▶ **Task prompt**: Set down the first line below and each line after it, ending with the one that holds "wisuda-fe-oleh-dekan-043-copy". Pictures do not belong in the copy.

= Beginning of Section =

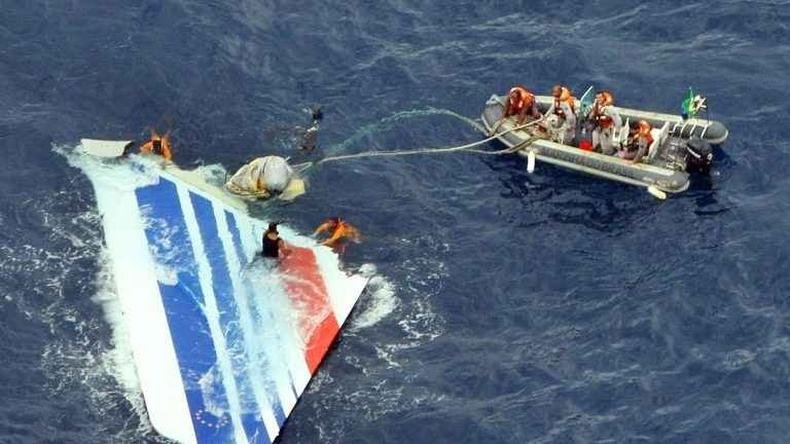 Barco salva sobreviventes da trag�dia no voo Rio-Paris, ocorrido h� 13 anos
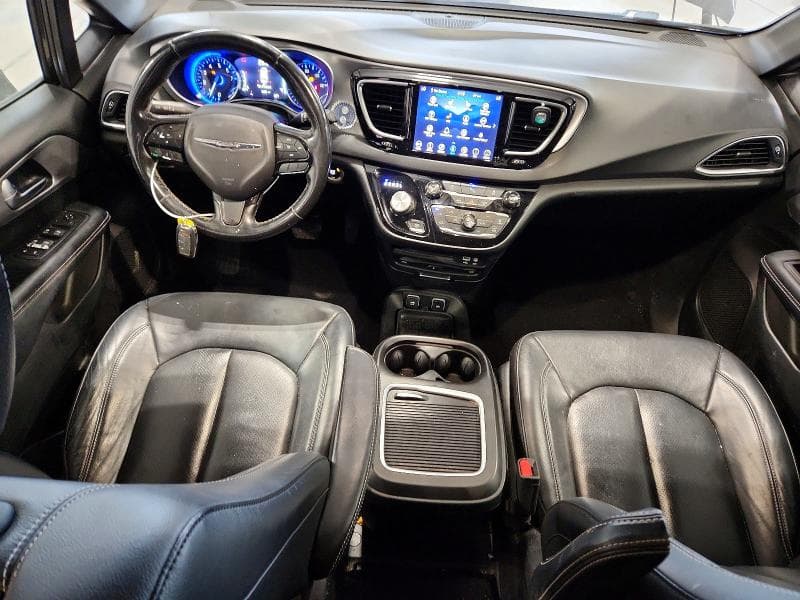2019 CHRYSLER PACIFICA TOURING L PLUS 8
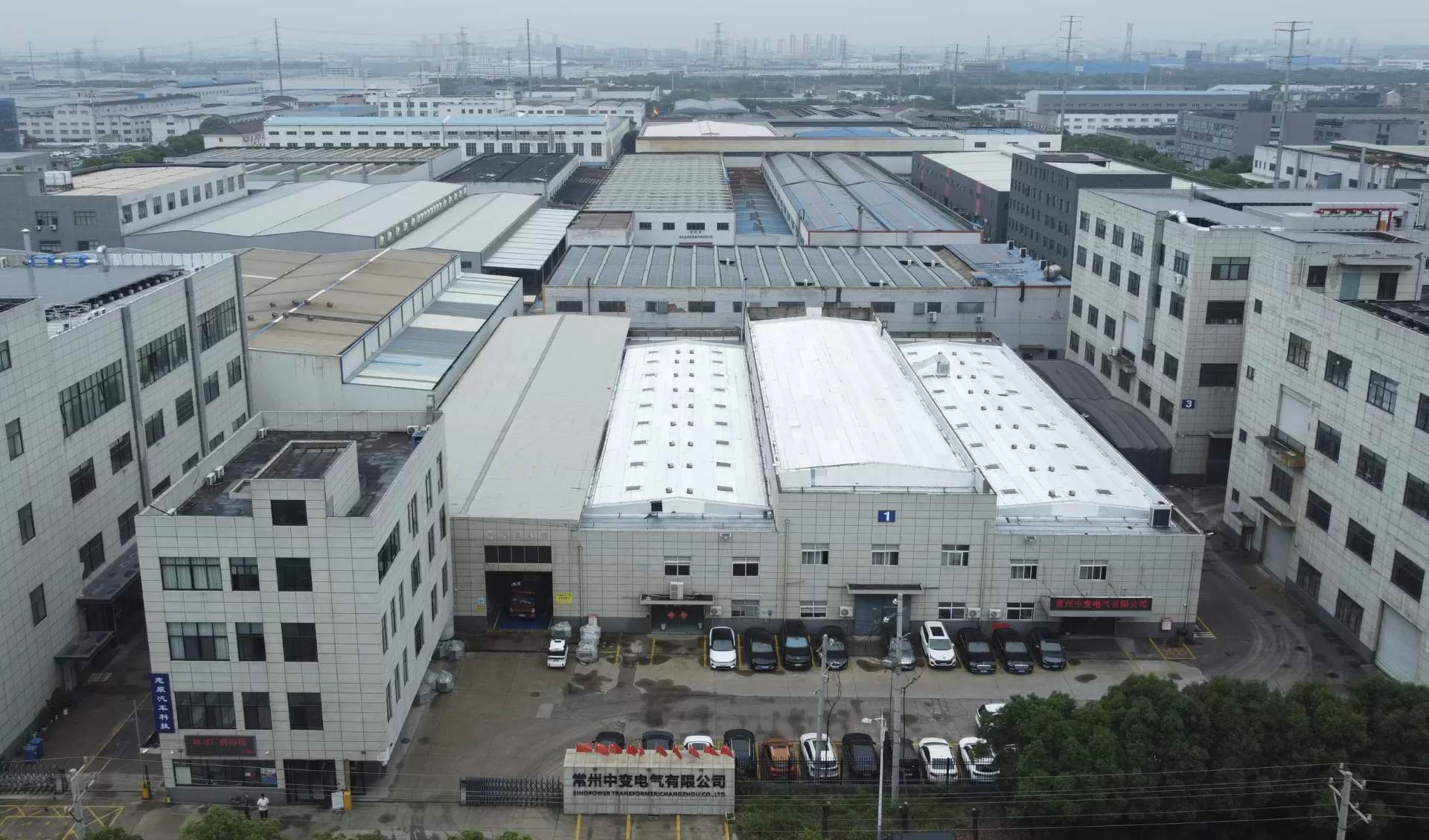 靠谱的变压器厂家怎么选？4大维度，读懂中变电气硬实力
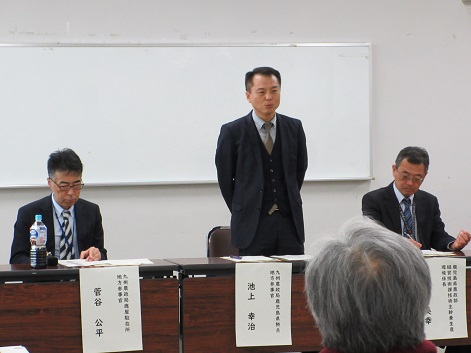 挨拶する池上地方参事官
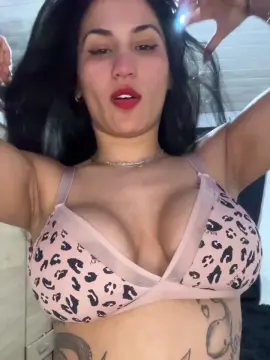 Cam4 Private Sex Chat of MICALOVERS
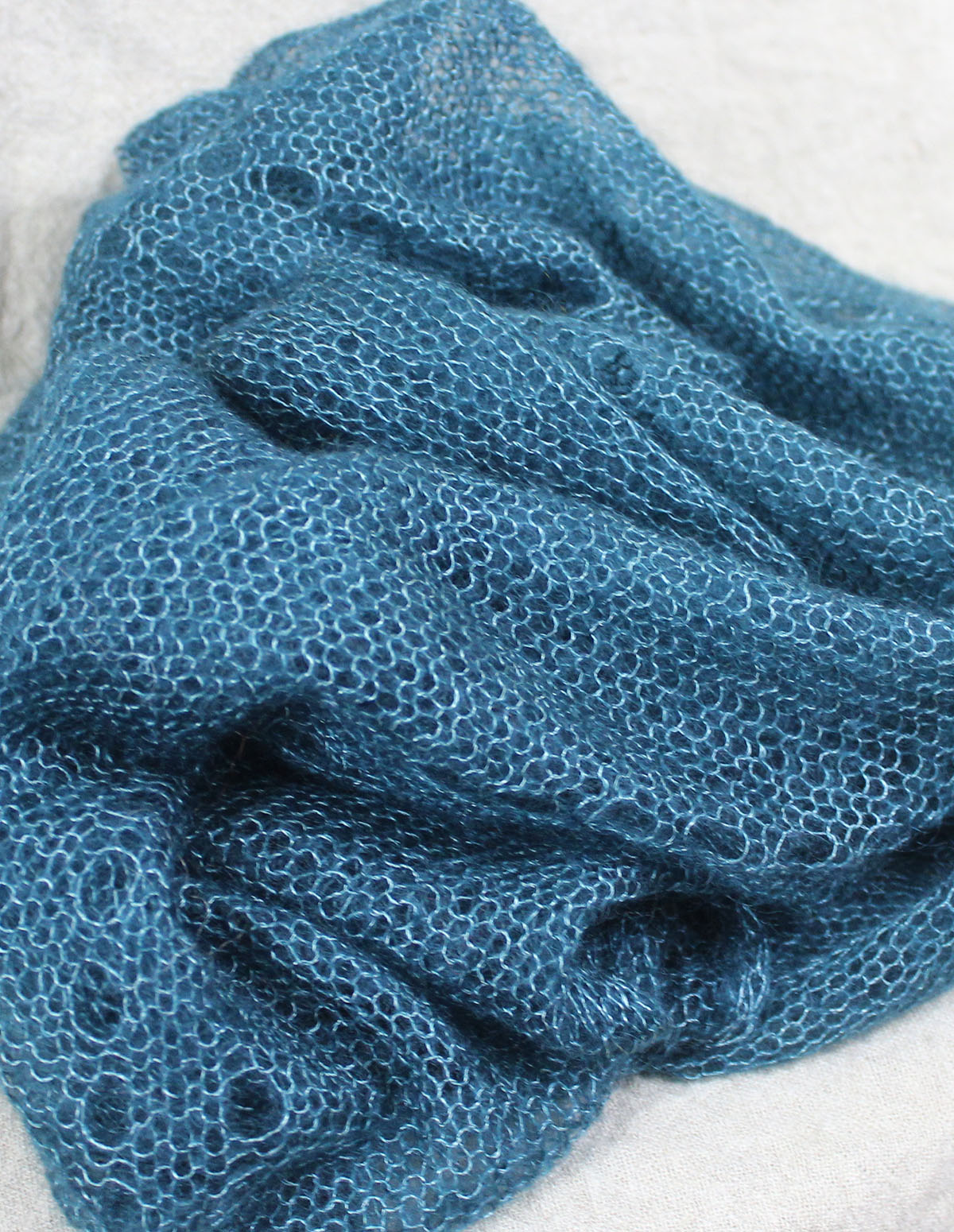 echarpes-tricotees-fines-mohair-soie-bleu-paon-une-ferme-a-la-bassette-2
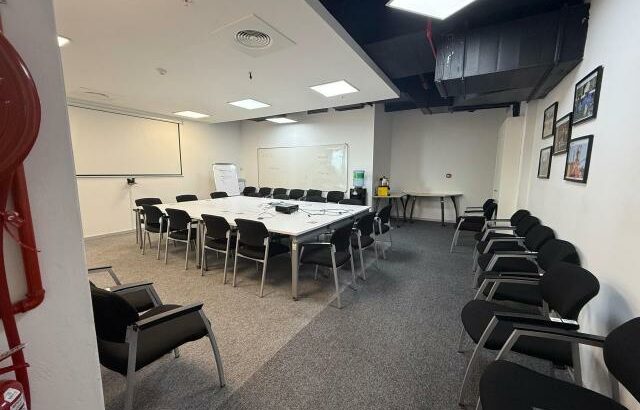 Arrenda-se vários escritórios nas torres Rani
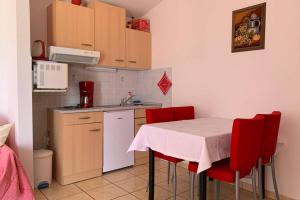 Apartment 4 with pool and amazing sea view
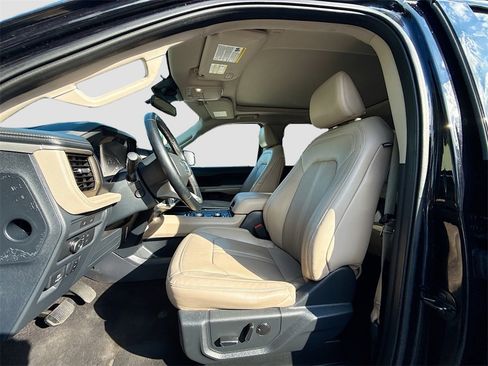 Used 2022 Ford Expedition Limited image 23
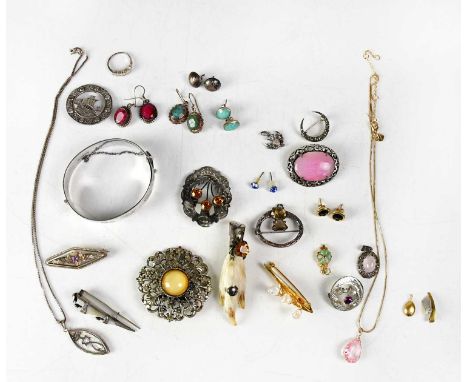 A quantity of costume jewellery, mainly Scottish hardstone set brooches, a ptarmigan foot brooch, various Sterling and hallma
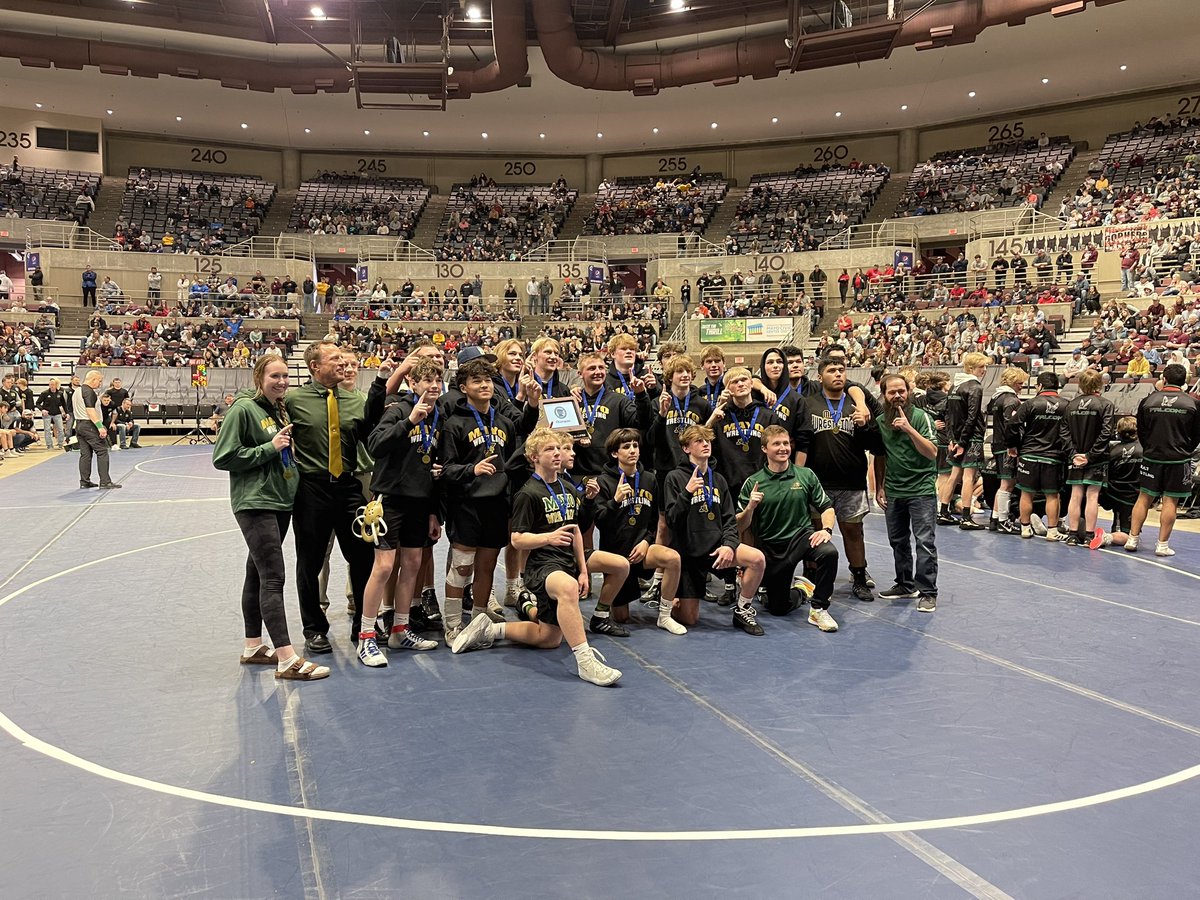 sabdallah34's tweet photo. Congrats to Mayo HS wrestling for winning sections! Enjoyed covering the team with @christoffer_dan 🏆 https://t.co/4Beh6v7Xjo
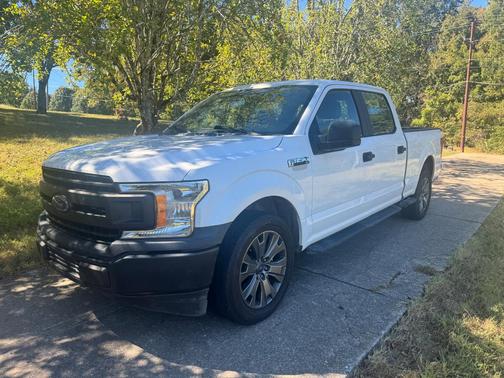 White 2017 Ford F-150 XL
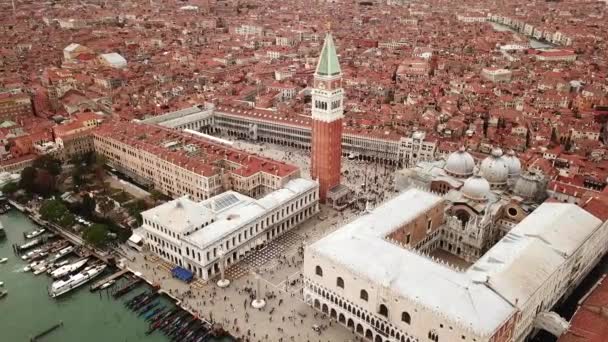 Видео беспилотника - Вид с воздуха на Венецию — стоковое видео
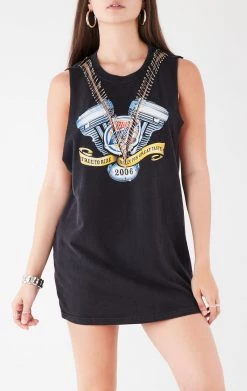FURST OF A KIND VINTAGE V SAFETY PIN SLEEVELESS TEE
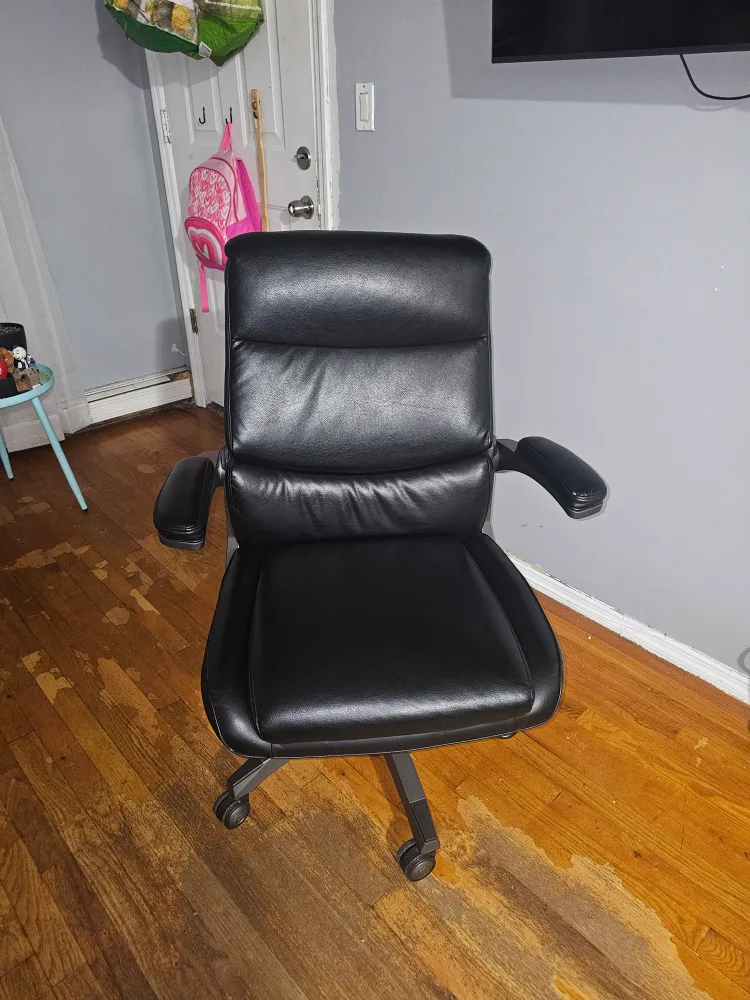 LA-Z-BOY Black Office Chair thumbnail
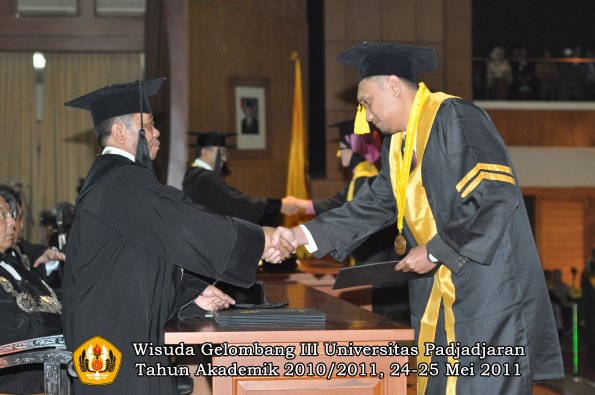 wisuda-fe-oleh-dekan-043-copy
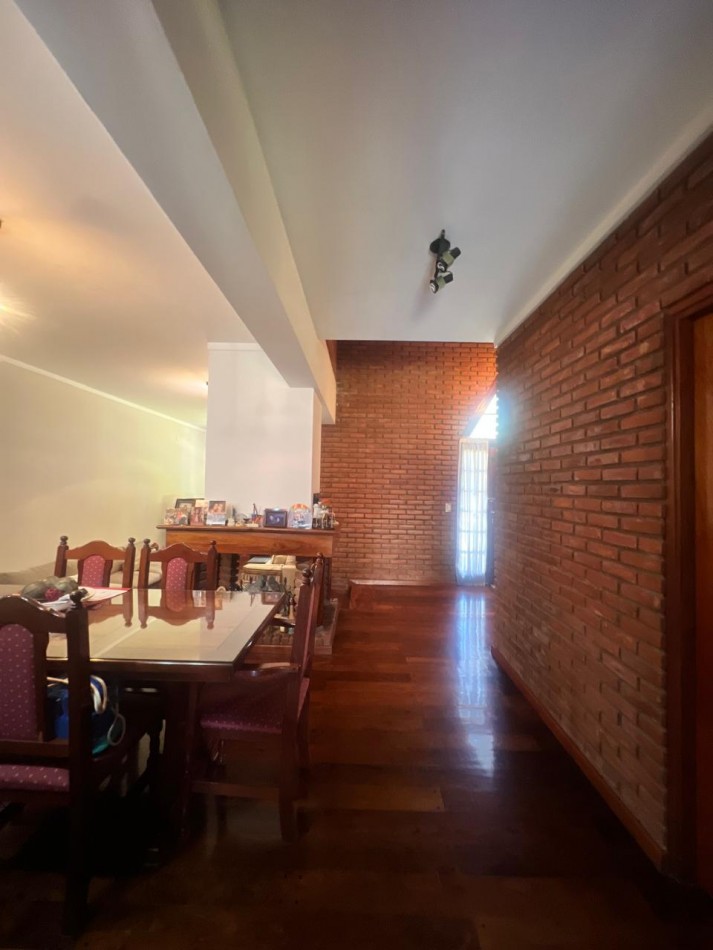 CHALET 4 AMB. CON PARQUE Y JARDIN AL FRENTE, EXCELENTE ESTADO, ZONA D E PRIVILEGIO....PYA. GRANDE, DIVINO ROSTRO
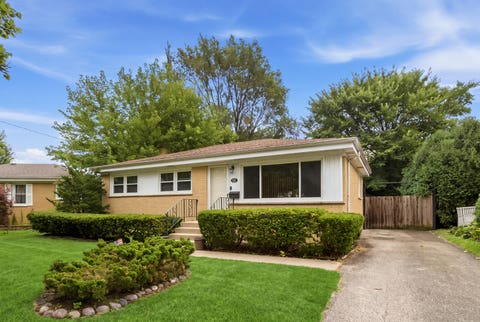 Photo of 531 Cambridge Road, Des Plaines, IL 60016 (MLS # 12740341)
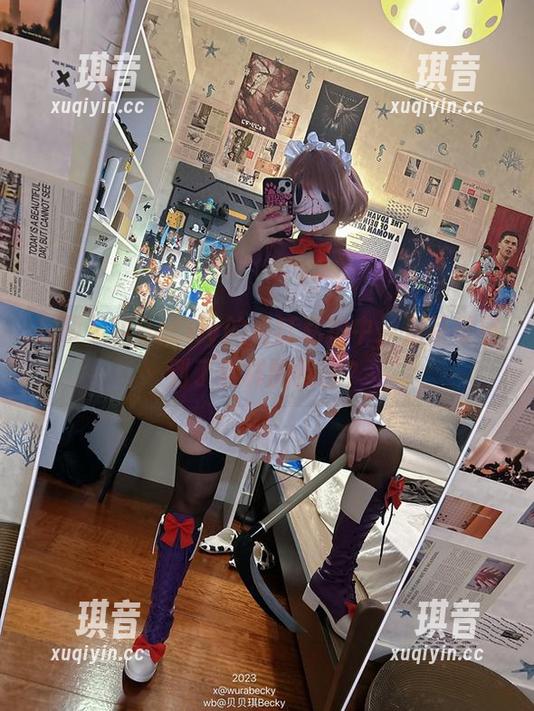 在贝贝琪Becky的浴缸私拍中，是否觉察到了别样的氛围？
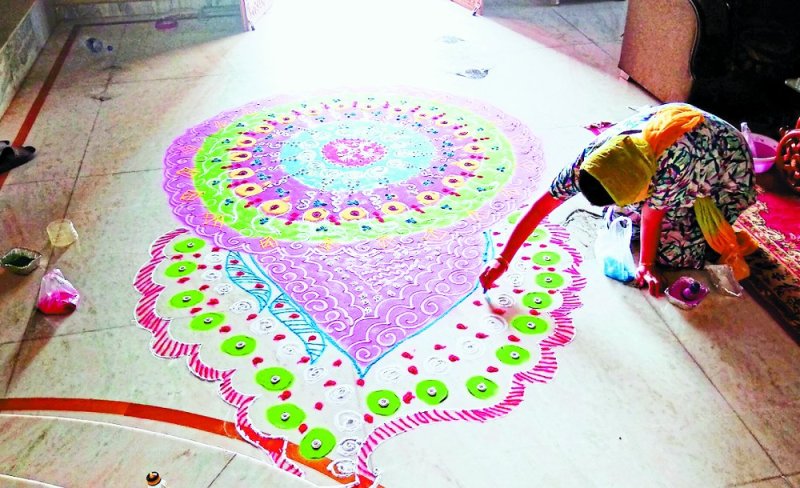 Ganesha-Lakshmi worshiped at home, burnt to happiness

= End of Section =

▶ **Answer below**:
 Barco salva sobreviventes da trag�dia no voo Rio-Paris, ocorrido h� 13 anos
2019 CHRYSLER PACIFICA TOURING L PLUS 8
 靠谱的变压器厂家怎么选？4大维度，读懂中变电气硬实力
 挨拶する池上地方参事官
 Cam4 Private Sex Chat of MICALOVERS
 echarpes-tricotees-fines-mohair-soie-bleu-paon-une-ferme-a-la-bassette-2
 Arrenda-se vários escritórios nas torres Rani
 Apartment 4 with pool and amazing sea view
 Used 2022 Ford Expedition Limited image 23
 A quantity of costume jewellery, mainly Scottish hardstone set brooches, a ptarmigan foot brooch, various Sterling and hallma
 sabdallah34's tweet photo. Congrats to Mayo HS wrestling for winning sections! Enjoyed covering the team with @christoffer_dan 🏆 https://t.co/4Beh6v7Xjo
 White 2017 Ford F-150 XL
 Видео беспилотника - Вид с воздуха на Венецию — стоковое видео
FURST OF A KIND VINTAGE V SAFETY PIN SLEEVELESS TEE
 LA-Z-BOY Black Office Chair thumbnail
 wisuda-fe-oleh-dekan-043-copy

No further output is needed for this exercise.